• [Exercise description]: Print exactly the lines below between the line holding "Red, Calgary 1" and the line holding "Transformers Figures X", inclusive, and nothing more.

Data START

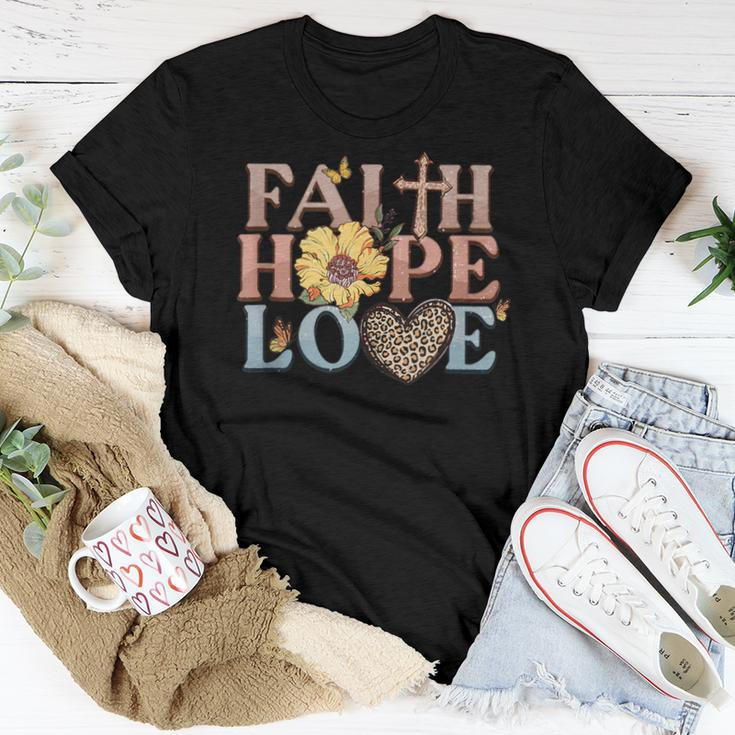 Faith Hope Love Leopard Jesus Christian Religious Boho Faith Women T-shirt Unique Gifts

Data END
Data START

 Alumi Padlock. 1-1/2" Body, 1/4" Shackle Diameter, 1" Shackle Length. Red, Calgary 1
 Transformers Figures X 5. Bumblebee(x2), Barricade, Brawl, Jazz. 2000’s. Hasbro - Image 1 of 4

Data END

• [Result for this exercise]:
 Alumi Padlock. 1-1/2" Body, 1/4" Shackle Diameter, 1" Shackle Length. Red, Calgary 1
 Transformers Figures X 5. Bumblebee(x2), Barricade, Brawl, Jazz. 2000’s. Hasbro - Image 1 of 4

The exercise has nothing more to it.